Sig Zane has paved the way for the current generation of Hawaiian designers by introducing aloha shirts that draw from native fauna and folklore. Now, the Hilo-based designer’s studio has launched new uniforms for the entire Hawaiian Airlines’ workforce, from flight attendants to ground staff. But this is no ordinary collaboration between an airline and a fashion brand. 

Sig Zane grew up watching his grandmother practice hula. The dances told stories of ancient Hawaii. “I come from a hula family—and hula is storytelling,” Zane says. “Design can do the same thing.”

For Hawaiian Airlines, he took his cues from an ancient chant about seafaring, as well as practical feedback from a 40-person committee from the airline about what they needed in their everyday workwear. The result is a print he calls Kū Mākou, or Together We Stand, which presents the theme of working together in the context of voyaging. Specifically, the new uniforms carry variations on lehua blossoms, endemic to the Hawaiian archipelago, and ohe kapala, ancient stamps made with unmistakably Hawaiian patterns on bark.

The new uniforms come at a pivotal time for the airline. Since the last uniform refresh eight years ago, Hawaiian Airlines has doubled in size, now boasting as many international destinations (including Auckland and Seoul) as domestic gateways. Far from being a scrappy regional carrier, the airline has become a de facto ambassador for Hawaii along the way.

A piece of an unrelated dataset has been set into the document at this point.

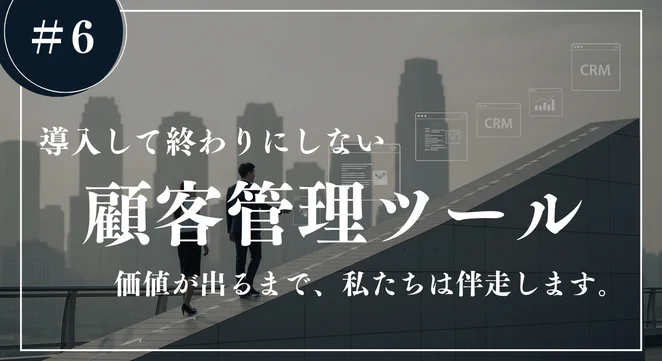 弊社の顧客管理システムは「入れること」が目的ではありません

“This posed an interesting design challenge,” says Avi Mannis, the airline’s senior vice president of marketing. “How do we have something that stands out as uniquely Hawaiian yet also carries an international sensibility?”

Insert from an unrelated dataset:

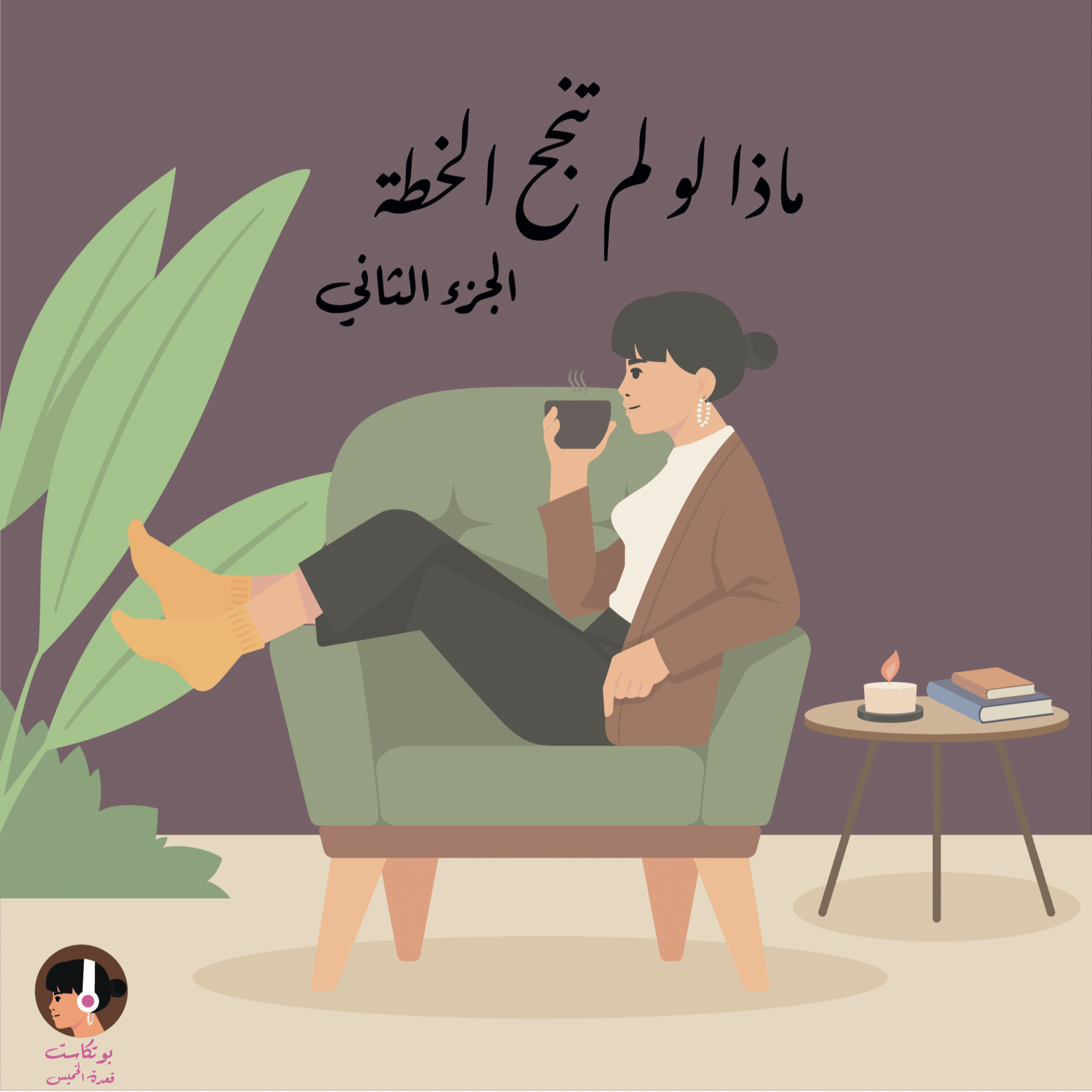 ماذا لو لم تنجح الخطة ؟! الجزء الثاني  episode artwork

By combining sharp suiting details with bright prints, Zane’s team may have achieved just that: a contemporary take on ancient heritage. The uniforms are currently being field tested, with a full-on launch planned later this year. 

“When Hawaiians travel, we become educators of our culture,” Zane says. “Hawaiian Airlines passengers might not understand what’s in this print right away, but when they look at it, subliminally they’ll take away something about Hawaii.” You may never look at an airline uniform the same way again.